++++ Supplied data ++++

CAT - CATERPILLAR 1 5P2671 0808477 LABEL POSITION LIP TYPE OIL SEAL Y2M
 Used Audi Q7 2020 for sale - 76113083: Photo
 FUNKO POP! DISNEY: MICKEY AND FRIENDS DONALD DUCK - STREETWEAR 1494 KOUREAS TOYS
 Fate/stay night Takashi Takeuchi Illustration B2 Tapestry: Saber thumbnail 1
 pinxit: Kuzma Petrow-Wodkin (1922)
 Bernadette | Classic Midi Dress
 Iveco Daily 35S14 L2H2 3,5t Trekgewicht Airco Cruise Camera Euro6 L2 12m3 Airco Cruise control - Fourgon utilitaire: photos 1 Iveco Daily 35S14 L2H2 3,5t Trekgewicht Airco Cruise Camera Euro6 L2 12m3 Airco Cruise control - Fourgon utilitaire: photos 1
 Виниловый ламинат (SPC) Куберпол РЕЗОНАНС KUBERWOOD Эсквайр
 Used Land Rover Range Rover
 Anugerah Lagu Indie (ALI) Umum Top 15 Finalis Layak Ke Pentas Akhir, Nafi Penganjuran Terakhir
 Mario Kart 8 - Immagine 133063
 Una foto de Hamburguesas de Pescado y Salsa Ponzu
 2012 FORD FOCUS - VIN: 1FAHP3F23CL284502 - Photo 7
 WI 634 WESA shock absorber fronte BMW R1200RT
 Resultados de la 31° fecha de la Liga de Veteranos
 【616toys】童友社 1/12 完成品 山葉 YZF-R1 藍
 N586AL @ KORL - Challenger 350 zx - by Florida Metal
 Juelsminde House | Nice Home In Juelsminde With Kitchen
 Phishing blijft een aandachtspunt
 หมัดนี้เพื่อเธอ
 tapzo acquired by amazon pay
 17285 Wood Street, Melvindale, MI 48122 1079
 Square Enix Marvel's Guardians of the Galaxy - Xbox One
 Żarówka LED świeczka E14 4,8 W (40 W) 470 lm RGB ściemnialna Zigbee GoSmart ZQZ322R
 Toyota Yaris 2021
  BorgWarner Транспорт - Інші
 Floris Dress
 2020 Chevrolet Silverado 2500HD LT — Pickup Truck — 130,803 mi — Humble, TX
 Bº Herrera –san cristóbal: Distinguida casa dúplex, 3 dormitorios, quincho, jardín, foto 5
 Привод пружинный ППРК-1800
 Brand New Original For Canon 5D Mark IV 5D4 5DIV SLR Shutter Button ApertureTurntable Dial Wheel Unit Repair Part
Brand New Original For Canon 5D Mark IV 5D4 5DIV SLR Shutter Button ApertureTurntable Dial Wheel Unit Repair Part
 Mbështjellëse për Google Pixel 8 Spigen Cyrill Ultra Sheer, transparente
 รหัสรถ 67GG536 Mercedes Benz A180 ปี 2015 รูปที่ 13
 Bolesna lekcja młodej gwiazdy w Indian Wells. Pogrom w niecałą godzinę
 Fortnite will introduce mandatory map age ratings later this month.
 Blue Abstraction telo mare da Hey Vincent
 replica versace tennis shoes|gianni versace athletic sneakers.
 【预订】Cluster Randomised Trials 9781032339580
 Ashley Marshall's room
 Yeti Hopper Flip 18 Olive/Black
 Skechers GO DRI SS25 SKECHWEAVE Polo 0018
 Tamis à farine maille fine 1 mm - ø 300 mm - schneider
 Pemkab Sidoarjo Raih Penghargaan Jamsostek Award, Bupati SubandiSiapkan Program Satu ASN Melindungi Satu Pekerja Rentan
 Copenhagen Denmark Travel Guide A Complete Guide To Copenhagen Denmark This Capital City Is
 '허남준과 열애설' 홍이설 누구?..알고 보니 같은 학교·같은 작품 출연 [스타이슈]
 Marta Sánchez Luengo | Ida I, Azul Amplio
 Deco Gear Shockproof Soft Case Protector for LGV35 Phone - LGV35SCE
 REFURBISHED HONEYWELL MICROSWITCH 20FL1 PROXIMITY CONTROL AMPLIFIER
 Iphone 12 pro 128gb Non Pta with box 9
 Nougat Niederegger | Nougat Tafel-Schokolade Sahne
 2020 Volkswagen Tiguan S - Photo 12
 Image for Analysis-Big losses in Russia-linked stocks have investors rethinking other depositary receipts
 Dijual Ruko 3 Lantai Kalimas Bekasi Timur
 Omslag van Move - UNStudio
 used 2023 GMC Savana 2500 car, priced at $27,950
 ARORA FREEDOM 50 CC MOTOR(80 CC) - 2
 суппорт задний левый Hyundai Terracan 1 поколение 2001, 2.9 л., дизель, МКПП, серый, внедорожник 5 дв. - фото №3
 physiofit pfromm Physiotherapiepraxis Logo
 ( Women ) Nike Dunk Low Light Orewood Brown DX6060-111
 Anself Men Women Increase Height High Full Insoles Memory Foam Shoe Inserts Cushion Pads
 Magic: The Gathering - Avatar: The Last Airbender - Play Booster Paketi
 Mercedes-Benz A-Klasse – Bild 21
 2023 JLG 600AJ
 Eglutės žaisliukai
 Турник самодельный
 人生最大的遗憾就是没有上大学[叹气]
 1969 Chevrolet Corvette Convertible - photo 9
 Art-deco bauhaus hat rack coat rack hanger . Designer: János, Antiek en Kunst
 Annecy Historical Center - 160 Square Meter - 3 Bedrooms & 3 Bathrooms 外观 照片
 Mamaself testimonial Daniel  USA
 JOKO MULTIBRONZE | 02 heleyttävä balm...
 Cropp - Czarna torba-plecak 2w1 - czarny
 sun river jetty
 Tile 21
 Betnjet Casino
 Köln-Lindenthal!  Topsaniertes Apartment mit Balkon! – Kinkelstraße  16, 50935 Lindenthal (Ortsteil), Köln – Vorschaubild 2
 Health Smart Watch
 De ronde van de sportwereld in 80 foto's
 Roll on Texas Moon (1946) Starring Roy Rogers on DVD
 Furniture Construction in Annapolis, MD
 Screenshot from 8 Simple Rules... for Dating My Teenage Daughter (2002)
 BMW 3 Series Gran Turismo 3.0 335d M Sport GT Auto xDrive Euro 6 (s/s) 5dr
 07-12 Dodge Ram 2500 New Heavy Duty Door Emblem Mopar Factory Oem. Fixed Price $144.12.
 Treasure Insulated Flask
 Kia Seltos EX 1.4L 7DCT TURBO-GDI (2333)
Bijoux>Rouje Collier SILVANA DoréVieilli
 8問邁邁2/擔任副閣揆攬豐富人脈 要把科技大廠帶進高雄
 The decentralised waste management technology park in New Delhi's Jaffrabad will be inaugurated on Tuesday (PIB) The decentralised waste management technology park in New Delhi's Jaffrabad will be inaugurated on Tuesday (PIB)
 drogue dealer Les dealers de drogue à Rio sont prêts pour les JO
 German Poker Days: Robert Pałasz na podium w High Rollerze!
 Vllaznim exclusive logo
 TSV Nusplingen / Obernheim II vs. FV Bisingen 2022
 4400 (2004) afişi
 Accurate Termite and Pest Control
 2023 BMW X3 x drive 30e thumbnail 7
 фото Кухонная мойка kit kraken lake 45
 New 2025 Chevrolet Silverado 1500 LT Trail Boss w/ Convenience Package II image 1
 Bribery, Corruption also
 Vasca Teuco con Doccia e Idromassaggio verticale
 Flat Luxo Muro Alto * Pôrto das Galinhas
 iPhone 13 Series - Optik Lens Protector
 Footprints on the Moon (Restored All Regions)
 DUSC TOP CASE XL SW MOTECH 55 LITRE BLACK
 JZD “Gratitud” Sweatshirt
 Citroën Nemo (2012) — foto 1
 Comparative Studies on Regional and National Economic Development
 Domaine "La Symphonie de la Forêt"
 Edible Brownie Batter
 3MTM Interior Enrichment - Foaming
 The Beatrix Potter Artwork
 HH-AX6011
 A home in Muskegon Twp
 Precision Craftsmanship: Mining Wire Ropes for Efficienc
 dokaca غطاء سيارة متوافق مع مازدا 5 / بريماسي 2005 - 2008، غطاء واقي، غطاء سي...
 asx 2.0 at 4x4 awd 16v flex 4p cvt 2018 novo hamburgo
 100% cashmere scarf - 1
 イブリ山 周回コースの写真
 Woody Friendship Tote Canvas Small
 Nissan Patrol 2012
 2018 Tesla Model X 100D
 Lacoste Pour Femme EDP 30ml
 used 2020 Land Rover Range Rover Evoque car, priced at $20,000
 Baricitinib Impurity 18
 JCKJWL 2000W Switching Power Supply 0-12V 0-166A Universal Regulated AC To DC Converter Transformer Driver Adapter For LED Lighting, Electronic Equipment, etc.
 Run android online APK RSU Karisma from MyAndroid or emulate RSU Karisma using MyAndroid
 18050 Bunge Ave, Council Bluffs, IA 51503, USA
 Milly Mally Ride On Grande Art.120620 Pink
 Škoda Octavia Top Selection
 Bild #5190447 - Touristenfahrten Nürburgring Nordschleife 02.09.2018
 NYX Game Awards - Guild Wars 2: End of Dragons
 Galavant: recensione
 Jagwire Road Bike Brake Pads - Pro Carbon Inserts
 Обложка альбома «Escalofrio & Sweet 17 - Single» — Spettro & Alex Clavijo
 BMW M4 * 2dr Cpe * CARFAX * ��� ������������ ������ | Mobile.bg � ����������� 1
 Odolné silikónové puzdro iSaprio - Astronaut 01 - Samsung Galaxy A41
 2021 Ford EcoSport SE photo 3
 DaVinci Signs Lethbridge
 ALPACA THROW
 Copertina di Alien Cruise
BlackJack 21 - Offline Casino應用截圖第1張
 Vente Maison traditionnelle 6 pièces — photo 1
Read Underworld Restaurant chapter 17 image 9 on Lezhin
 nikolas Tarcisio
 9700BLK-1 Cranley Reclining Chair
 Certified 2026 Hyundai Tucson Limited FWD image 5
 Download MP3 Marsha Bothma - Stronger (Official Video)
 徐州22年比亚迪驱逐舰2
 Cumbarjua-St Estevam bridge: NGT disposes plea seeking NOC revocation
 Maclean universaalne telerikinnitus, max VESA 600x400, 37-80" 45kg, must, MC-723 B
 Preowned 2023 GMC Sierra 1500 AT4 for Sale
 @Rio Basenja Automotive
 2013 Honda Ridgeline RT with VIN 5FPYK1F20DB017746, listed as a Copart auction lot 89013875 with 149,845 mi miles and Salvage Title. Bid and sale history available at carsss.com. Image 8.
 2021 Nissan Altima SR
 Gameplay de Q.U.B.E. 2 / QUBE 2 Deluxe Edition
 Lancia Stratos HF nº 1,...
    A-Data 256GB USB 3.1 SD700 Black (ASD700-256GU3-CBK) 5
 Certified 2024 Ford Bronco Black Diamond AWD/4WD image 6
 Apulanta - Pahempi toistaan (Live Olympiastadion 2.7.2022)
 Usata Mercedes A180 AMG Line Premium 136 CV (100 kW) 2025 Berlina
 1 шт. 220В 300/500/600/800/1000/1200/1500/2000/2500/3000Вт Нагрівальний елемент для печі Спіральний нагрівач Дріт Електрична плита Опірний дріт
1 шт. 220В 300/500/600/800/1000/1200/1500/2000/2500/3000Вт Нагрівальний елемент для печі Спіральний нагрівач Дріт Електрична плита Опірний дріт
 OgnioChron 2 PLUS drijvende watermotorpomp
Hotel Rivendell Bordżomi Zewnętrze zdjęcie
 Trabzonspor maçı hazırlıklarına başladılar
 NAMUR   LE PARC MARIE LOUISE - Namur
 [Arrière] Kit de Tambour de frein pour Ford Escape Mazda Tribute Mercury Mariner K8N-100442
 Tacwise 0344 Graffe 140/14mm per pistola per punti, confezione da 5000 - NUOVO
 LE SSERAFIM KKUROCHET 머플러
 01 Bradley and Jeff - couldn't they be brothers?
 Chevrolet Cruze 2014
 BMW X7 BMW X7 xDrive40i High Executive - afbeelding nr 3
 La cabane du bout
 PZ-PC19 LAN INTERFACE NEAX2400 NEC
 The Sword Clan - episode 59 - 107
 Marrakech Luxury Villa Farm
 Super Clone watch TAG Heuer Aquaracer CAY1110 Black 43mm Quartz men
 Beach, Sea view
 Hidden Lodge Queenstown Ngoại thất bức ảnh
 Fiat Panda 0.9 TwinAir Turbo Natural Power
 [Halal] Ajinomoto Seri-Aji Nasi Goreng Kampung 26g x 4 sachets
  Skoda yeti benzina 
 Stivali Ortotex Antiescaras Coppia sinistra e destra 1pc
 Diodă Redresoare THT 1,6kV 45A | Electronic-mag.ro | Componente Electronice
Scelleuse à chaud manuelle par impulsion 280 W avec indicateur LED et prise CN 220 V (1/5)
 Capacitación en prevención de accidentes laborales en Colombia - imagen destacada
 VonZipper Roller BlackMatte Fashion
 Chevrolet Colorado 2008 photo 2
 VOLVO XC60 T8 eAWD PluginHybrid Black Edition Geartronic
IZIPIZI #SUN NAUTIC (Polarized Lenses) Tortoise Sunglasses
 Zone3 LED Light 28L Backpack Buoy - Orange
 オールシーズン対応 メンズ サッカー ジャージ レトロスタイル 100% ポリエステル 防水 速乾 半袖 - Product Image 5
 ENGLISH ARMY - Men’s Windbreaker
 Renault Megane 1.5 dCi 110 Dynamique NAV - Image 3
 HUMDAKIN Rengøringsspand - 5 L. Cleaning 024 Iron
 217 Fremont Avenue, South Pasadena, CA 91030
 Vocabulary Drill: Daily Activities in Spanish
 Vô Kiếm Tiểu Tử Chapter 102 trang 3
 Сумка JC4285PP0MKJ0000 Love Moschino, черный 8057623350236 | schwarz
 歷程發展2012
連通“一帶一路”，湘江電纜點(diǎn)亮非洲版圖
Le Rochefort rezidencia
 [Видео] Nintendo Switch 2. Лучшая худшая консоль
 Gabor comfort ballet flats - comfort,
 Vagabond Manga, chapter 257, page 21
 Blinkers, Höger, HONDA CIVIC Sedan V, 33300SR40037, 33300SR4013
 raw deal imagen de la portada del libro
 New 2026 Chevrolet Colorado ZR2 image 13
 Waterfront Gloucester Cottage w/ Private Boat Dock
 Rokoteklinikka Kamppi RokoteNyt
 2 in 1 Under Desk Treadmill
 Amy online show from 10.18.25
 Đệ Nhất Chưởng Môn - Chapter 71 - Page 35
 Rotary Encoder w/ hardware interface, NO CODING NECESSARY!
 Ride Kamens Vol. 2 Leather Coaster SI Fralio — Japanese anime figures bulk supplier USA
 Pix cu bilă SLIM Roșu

++++

_Task description_
Copy out the lines above exactly, beginning at the one that contains "Download MP3 Marsha" and ending at the one that contains "Marrakech Luxury Villa Farm".

_Reply_
 Download MP3 Marsha Bothma - Stronger (Official Video)
 徐州22年比亚迪驱逐舰2
 Cumbarjua-St Estevam bridge: NGT disposes plea seeking NOC revocation
 Maclean universaalne telerikinnitus, max VESA 600x400, 37-80" 45kg, must, MC-723 B
 Preowned 2023 GMC Sierra 1500 AT4 for Sale
 @Rio Basenja Automotive
 2013 Honda Ridgeline RT with VIN 5FPYK1F20DB017746, listed as a Copart auction lot 89013875 with 149,845 mi miles and Salvage Title. Bid and sale history available at carsss.com. Image 8.
 2021 Nissan Altima SR
 Gameplay de Q.U.B.E. 2 / QUBE 2 Deluxe Edition
 Lancia Stratos HF nº 1,...
    A-Data 256GB USB 3.1 SD700 Black (ASD700-256GU3-CBK) 5
 Certified 2024 Ford Bronco Black Diamond AWD/4WD image 6
 Apulanta - Pahempi toistaan (Live Olympiastadion 2.7.2022)
 Usata Mercedes A180 AMG Line Premium 136 CV (100 kW) 2025 Berlina
 1 шт. 220В 300/500/600/800/1000/1200/1500/2000/2500/3000Вт Нагрівальний елемент для печі Спіральний нагрівач Дріт Електрична плита Опірний дріт
1 шт. 220В 300/500/600/800/1000/1200/1500/2000/2500/3000Вт Нагрівальний елемент для печі Спіральний нагрівач Дріт Електрична плита Опірний дріт
 OgnioChron 2 PLUS drijvende watermotorpomp
Hotel Rivendell Bordżomi Zewnętrze zdjęcie
 Trabzonspor maçı hazırlıklarına başladılar
 NAMUR   LE PARC MARIE LOUISE - Namur
 [Arrière] Kit de Tambour de frein pour Ford Escape Mazda Tribute Mercury Mariner K8N-100442
 Tacwise 0344 Graffe 140/14mm per pistola per punti, confezione da 5000 - NUOVO
 LE SSERAFIM KKUROCHET 머플러
 01 Bradley and Jeff - couldn't they be brothers?
 Chevrolet Cruze 2014
 BMW X7 BMW X7 xDrive40i High Executive - afbeelding nr 3
 La cabane du bout
 PZ-PC19 LAN INTERFACE NEAX2400 NEC
 The Sword Clan - episode 59 - 107
 Marrakech Luxury Villa Farm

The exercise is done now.